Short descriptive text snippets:
----------
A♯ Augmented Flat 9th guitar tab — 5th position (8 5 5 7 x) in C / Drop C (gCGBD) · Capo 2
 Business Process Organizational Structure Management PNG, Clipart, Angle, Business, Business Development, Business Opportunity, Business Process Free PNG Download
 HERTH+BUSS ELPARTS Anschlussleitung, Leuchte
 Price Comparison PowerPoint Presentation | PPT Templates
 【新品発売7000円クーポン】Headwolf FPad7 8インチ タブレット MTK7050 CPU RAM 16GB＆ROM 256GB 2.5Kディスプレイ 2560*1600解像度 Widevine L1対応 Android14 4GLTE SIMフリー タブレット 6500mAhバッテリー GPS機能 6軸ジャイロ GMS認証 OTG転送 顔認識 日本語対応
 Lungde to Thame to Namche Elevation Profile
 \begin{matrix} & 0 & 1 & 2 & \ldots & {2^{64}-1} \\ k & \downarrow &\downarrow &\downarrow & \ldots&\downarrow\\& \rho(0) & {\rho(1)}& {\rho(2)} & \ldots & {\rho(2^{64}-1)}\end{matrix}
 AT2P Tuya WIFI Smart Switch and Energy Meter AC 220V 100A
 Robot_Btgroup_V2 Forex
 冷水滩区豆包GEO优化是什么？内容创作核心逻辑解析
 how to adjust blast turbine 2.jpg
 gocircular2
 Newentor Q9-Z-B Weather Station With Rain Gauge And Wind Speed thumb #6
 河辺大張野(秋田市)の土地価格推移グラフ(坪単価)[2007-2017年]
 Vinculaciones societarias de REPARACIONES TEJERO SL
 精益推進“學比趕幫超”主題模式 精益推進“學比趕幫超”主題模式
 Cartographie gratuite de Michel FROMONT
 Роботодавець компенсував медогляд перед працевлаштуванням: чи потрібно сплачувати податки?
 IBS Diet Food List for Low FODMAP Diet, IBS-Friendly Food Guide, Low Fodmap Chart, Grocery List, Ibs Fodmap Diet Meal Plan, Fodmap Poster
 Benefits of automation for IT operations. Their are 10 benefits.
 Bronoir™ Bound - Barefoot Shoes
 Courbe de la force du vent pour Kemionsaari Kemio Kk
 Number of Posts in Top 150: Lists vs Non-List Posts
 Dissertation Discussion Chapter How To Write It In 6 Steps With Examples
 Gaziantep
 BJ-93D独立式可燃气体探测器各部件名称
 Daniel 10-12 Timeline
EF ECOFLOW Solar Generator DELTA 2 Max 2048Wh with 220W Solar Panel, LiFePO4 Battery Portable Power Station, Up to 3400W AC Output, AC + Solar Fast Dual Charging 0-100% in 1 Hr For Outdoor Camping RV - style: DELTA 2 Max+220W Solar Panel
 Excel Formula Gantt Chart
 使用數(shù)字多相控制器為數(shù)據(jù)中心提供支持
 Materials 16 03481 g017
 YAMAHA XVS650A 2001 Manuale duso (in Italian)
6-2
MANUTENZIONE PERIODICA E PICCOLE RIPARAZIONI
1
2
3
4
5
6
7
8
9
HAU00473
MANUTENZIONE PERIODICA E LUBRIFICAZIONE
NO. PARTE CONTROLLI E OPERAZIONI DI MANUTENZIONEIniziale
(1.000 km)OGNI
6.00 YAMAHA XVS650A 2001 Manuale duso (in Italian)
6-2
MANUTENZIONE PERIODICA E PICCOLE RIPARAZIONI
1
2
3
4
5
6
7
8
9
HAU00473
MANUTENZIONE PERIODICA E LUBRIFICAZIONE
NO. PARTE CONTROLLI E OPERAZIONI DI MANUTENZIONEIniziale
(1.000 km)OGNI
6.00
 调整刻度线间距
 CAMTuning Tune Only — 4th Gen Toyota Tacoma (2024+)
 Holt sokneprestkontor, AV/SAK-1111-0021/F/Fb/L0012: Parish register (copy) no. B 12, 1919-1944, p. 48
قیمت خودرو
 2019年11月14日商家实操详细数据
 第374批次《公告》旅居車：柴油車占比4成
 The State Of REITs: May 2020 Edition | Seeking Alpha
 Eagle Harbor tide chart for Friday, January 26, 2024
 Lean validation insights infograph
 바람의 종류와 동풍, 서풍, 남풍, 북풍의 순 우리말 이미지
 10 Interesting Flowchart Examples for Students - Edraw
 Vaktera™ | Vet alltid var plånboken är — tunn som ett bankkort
----------
→ **What you need to do**: Return all the lines shown above, precisely as they stand.

→ **Task answer**:
A♯ Augmented Flat 9th guitar tab — 5th position (8 5 5 7 x) in C / Drop C (gCGBD) · Capo 2
 Business Process Organizational Structure Management PNG, Clipart, Angle, Business, Business Development, Business Opportunity, Business Process Free PNG Download
 HERTH+BUSS ELPARTS Anschlussleitung, Leuchte
 Price Comparison PowerPoint Presentation | PPT Templates
 【新品発売7000円クーポン】Headwolf FPad7 8インチ タブレット MTK7050 CPU RAM 16GB＆ROM 256GB 2.5Kディスプレイ 2560*1600解像度 Widevine L1対応 Android14 4GLTE SIMフリー タブレット 6500mAhバッテリー GPS機能 6軸ジャイロ GMS認証 OTG転送 顔認識 日本語対応
 Lungde to Thame to Namche Elevation Profile
 \begin{matrix} & 0 & 1 & 2 & \ldots & {2^{64}-1} \\ k & \downarrow &\downarrow &\downarrow & \ldots&\downarrow\\& \rho(0) & {\rho(1)}& {\rho(2)} & \ldots & {\rho(2^{64}-1)}\end{matrix}
 AT2P Tuya WIFI Smart Switch and Energy Meter AC 220V 100A
 Robot_Btgroup_V2 Forex
 冷水滩区豆包GEO优化是什么？内容创作核心逻辑解析
 how to adjust blast turbine 2.jpg
 gocircular2
 Newentor Q9-Z-B Weather Station With Rain Gauge And Wind Speed thumb #6
 河辺大張野(秋田市)の土地価格推移グラフ(坪単価)[2007-2017年]
 Vinculaciones societarias de REPARACIONES TEJERO SL
 精益推進“學比趕幫超”主題模式 精益推進“學比趕幫超”主題模式
 Cartographie gratuite de Michel FROMONT
 Роботодавець компенсував медогляд перед працевлаштуванням: чи потрібно сплачувати податки?
 IBS Diet Food List for Low FODMAP Diet, IBS-Friendly Food Guide, Low Fodmap Chart, Grocery List, Ibs Fodmap Diet Meal Plan, Fodmap Poster
 Benefits of automation for IT operations. Their are 10 benefits.
 Bronoir™ Bound - Barefoot Shoes
 Courbe de la force du vent pour Kemionsaari Kemio Kk
 Number of Posts in Top 150: Lists vs Non-List Posts
 Dissertation Discussion Chapter How To Write It In 6 Steps With Examples
 Gaziantep
 BJ-93D独立式可燃气体探测器各部件名称
 Daniel 10-12 Timeline
EF ECOFLOW Solar Generator DELTA 2 Max 2048Wh with 220W Solar Panel, LiFePO4 Battery Portable Power Station, Up to 3400W AC Output, AC + Solar Fast Dual Charging 0-100% in 1 Hr For Outdoor Camping RV - style: DELTA 2 Max+220W Solar Panel
 Excel Formula Gantt Chart
 使用數(shù)字多相控制器為數(shù)據(jù)中心提供支持
 Materials 16 03481 g017
 YAMAHA XVS650A 2001 Manuale duso (in Italian)
6-2
MANUTENZIONE PERIODICA E PICCOLE RIPARAZIONI
1
2
3
4
5
6
7
8
9
HAU00473
MANUTENZIONE PERIODICA E LUBRIFICAZIONE
NO. PARTE CONTROLLI E OPERAZIONI DI MANUTENZIONEIniziale
(1.000 km)OGNI
6.00 YAMAHA XVS650A 2001 Manuale duso (in Italian)
6-2
MANUTENZIONE PERIODICA E PICCOLE RIPARAZIONI
1
2
3
4
5
6
7
8
9
HAU00473
MANUTENZIONE PERIODICA E LUBRIFICAZIONE
NO. PARTE CONTROLLI E OPERAZIONI DI MANUTENZIONEIniziale
(1.000 km)OGNI
6.00
 调整刻度线间距
 CAMTuning Tune Only — 4th Gen Toyota Tacoma (2024+)
 Holt sokneprestkontor, AV/SAK-1111-0021/F/Fb/L0012: Parish register (copy) no. B 12, 1919-1944, p. 48
قیمت خودرو
 2019年11月14日商家实操详细数据
 第374批次《公告》旅居車：柴油車占比4成
 The State Of REITs: May 2020 Edition | Seeking Alpha
 Eagle Harbor tide chart for Friday, January 26, 2024
 Lean validation insights infograph
 바람의 종류와 동풍, 서풍, 남풍, 북풍의 순 우리말 이미지
 10 Interesting Flowchart Examples for Students - Edraw
 Vaktera™ | Vet alltid var plånboken är — tunn som ett bankkort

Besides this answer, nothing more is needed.